**** TASK MATERIAL ****
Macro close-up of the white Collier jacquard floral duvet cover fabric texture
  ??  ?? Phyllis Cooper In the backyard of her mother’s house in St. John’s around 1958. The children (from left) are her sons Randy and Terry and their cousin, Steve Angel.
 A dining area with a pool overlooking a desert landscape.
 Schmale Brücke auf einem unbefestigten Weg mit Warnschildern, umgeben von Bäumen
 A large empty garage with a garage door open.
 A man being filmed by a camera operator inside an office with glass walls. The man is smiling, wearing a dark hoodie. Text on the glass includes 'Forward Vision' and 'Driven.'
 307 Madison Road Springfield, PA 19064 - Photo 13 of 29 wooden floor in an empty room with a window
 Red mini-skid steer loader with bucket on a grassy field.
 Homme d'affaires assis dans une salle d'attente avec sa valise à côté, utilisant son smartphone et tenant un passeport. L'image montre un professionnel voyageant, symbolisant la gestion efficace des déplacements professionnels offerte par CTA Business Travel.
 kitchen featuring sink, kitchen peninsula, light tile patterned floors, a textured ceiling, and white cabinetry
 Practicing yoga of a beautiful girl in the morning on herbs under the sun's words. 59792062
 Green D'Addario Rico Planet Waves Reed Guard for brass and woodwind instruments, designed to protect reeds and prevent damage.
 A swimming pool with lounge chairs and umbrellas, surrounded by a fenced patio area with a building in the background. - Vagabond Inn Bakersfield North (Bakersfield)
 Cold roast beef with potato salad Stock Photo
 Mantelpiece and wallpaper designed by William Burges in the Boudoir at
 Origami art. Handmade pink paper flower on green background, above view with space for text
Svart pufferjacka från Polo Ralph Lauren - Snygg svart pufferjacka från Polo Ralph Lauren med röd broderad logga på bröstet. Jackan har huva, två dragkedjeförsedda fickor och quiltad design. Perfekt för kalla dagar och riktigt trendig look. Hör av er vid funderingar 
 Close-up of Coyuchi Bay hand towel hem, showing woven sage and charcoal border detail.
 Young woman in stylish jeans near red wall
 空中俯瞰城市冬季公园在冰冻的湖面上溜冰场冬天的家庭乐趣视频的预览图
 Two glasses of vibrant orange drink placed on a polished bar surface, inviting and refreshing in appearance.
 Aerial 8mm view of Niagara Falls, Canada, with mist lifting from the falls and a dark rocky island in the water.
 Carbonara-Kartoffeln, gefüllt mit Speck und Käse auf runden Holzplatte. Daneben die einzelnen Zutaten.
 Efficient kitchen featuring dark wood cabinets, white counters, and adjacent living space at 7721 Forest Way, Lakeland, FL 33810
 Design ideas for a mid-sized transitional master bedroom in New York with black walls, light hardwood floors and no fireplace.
****
Retype exactly the lines above, from the one with "Mantelpiece and wallpaper" through the one with "Young woman in stylish jeans near red wall", inclusive.

#### TASK RESULT
 Mantelpiece and wallpaper designed by William Burges in the Boudoir at
 Origami art. Handmade pink paper flower on green background, above view with space for text
Svart pufferjacka från Polo Ralph Lauren - Snygg svart pufferjacka från Polo Ralph Lauren med röd broderad logga på bröstet. Jackan har huva, två dragkedjeförsedda fickor och quiltad design. Perfekt för kalla dagar och riktigt trendig look. Hör av er vid funderingar 
 Close-up of Coyuchi Bay hand towel hem, showing woven sage and charcoal border detail.
 Young woman in stylish jeans near red wall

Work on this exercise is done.